Am I allowed to change the query? Is it a third party ISV app that I’m not allowed to touch, or can we fiddle with it? Can I split it into multiple queries? Can I move it into a stored procedure? No, stored procs aren’t inherently faster, but if you care enough about it that speed matters, then moving it into a stored proc gives me the ability to tune it faster. I can run through more iterations more quickly without having to recompile an app.

How often does it run? Are we talking once a day as a scheduled job, or thousands of times per second as part of a page-rendering process?

How often does the data change? I try to deduce this by looking at the tables and fields involved, but I like getting confirmation from the developers. Does it change every time it’s queried, or about once a minute, or once an hour, or maybe…never?

When we get to this point, sometimes I get to ask my favorite question: why are we querying this at all? Why not cache it in the application and only fetch the updates periodically, like on startup? Often we store application parameters in the database because, well, it sure beats an INI file, and it lets people change application config on the fly without restarting things. Another common culprit is geographic data – what’s the exact latitude and longitude of a city, and what other cities are nearby? What stores are near each other?

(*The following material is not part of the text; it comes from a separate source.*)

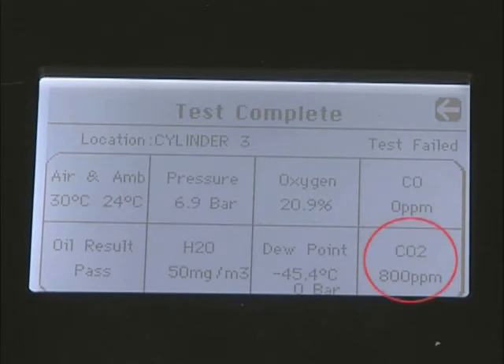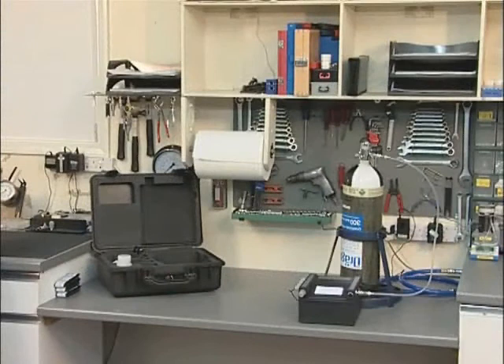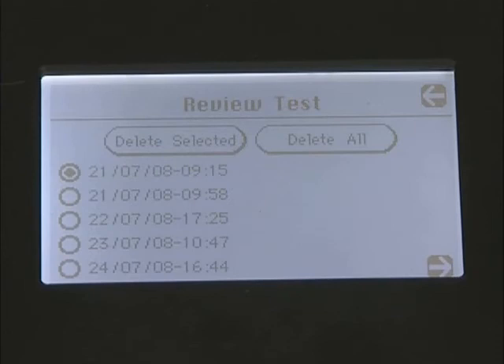If the test was a fail, flashing asterisks would indicate those criteria which did not meet the standard. The F4001 and F4001ED automatically determine, from the water content measured, whether the test was a pass or fail against the standard, and also calculate the atmospheric pressure dew point. This test result is automatically recorded in the instrument's memory, which can store up to 10 previous tests. To view these tests, return to the main menu and press the Review Tests button. Test results are stored according to the date and time they were completed, and previous tests can be viewed or deleted as required.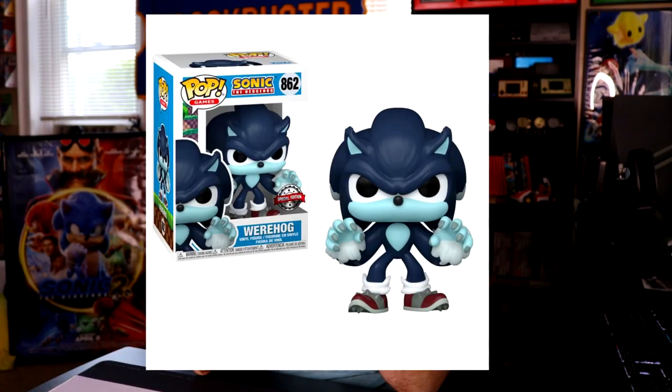Hello, what's up guys, I'm Kyle from KGR and today we're gonna be doing a review of the Werehog figure from Jazwares. I decided to do a review on this because Sonic Unleashed has been getting so popular again lately — it's been getting support on the newer Xbox console, running at 4K60 and it looks beautiful.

This starts a conversation about caching: temporarily saving things in memory in the app or web tier. The most basic version of this is in-memory variables in the app – this is the fastest way to get started, but the least scalable. You can’t persist large chunks of data here, and you end up with duplicate caches across all the app/web servers. Instead, build a caching tier with software like memcached, redis, Amazon ElastiCache, Windows AppFabric Cache, and Windows Azure Caching. These allow you to scale out your cache quickly and cheaply using commodity hardware and no fancypants licensing.

Caching does not sit in front of the database server – it sits alongside:

The application code has to be written so that when it needs data:

The app checks to see if a valid copy of the data is in the cache tier
If not, the app queries the database
The app adds the data to cache to avoid hitting the db again – and maybe includes an expiration date.

(Note: some caches actually do purport to sit between your app and the database. Personally, I’m not a big fan of that because now your app is tied into a specific cache provider, and that’s risky today.)

In step 1, I glossed over a whole difficult concept by saying a valid copy of the database. Cache invalidation is notoriously hard – how do we tell the cache tier when something has been changed in the database? That’s not something we’re going to cover here, but don’t let that stop you from implementing caching. There are sure-fire, no-brainer cacheable wins right now in your environment. Cross that bridge now, and then cross the cache invalidation bridge when you get to it.

Once you’ve implemented a caching tier, performance tuning becomes a whole new ball game. Instead of trying to make a query 10% or 20% faster, you’ll avoid querying the database at all.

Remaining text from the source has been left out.